Search the data for the string "with" and copy each line where it turns up.

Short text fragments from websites
Segment Open
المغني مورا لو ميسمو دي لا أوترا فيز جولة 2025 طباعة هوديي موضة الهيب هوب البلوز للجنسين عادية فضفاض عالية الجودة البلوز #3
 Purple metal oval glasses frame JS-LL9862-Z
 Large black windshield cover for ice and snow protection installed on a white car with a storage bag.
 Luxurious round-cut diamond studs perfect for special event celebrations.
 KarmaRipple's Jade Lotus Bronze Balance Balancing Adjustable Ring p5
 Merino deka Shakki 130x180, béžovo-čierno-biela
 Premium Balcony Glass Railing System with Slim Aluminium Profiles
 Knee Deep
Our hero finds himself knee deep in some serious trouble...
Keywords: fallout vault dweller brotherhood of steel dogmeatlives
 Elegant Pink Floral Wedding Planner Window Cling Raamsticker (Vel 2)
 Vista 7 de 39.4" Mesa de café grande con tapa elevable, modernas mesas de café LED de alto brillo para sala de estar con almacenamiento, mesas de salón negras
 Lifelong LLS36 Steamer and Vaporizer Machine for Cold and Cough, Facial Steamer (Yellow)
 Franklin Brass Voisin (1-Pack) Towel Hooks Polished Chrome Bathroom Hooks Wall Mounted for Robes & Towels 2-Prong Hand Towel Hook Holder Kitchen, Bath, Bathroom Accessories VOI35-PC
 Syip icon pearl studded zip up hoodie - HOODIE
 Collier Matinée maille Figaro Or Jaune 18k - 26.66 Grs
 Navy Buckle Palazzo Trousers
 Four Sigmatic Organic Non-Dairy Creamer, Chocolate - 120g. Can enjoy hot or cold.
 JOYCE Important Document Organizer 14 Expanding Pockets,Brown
Segment Closed
### Your solution
 Large black windshield cover for ice and snow protection installed on a white car with a storage bag.
 Premium Balcony Glass Railing System with Slim Aluminium Profiles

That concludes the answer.